Across north India, the brief season of spring weather erupts with the  festival of Holi—a no-holds-barred celebration in the villages and city streets. Water-sprays everywhere, children throw coloured powder at each other, and soggy T-shirts and kurtas abound. It’s a holiday some girls experience as an equalising moment, a rare chance to play freely with boys. Other girls, though, view Holi warily—as a celebration that gives cover to sexual harassers. It’s a charged moment in the gender politics of Indian life, and in many communities the soundtrack to that experience is Rang barse, as performed by the Bollywood legend Amitabh Bachchan in a film from the 1980s.
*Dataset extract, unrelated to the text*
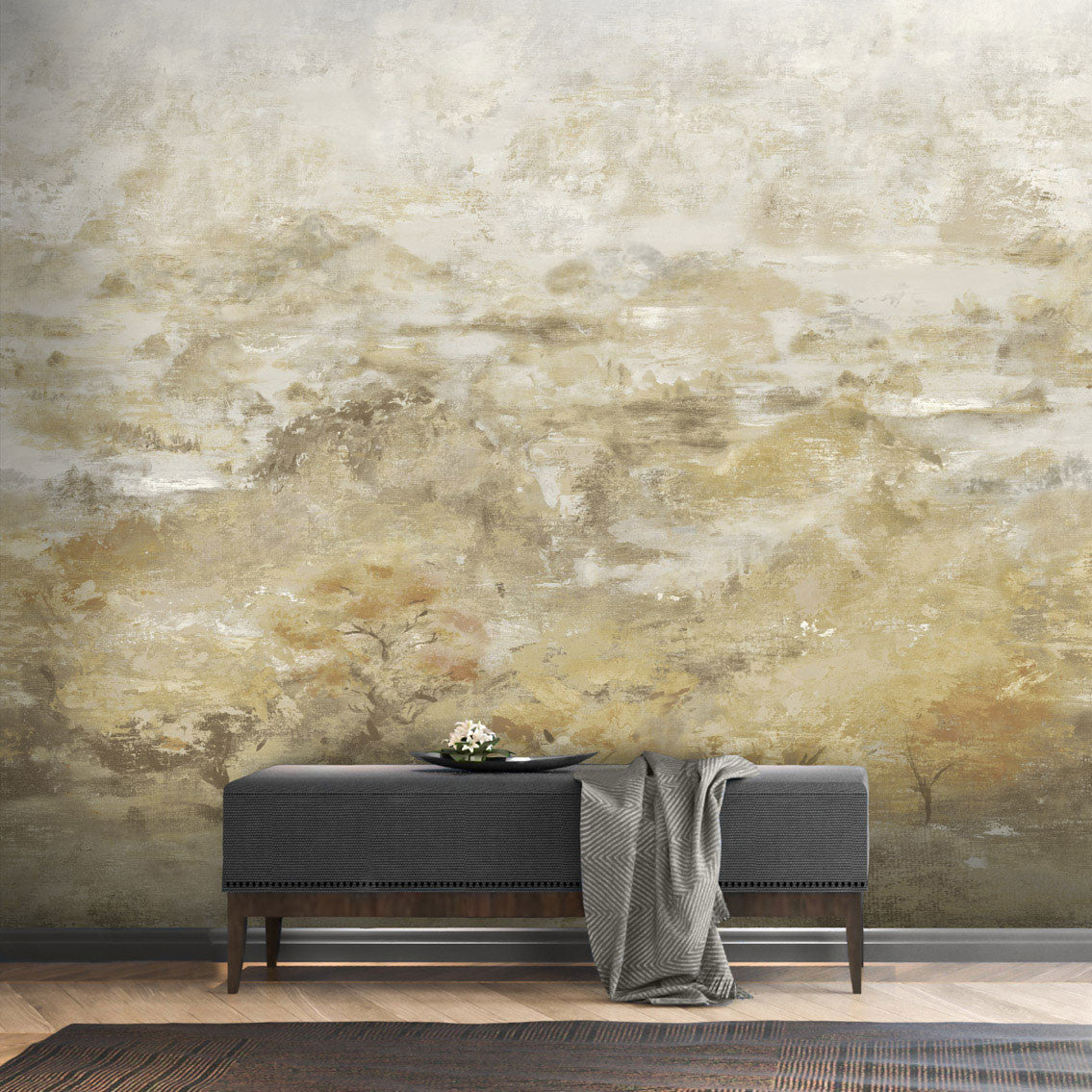 BE01501 Brunate Bellagio Morning Sunrise Wallpaper By Sketch Twenty 3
The only atypical thing about this song is the strong-willed woman it celebrates: she’s over 500 years old. The film lyricist based it on a centuries-old song about Mirabai, a mystic poet of spiritual love and longing who lived during the 16th century and is today one of India’s most revered female saints.

She was born Mira, into an elite and conservative warrior caste, the Rajputs of Rajasthan (the ‘bai’, a term of respect, came later). A flouter of conventions whose family tried to suppress her ecstatic religious longings, she broke with them and their Rajput social codes. She took to the road, singing and mixing freely with people of all types. She later became a heroine of the bhakti tradition, which encouraged devotion to one’s personal god, without the intermediaries of priests, rituals or temples. In bhakti, all you need is a simple offering of your love—a flower, a fruit, a song. In her lifetime, Mira composed perhaps a hundred songs called bhajans, which were passed down through the centuries by oral tradition, as with Khusrau and Kabir. And, like their bodies of work, Mira’s expanded as her legend grew.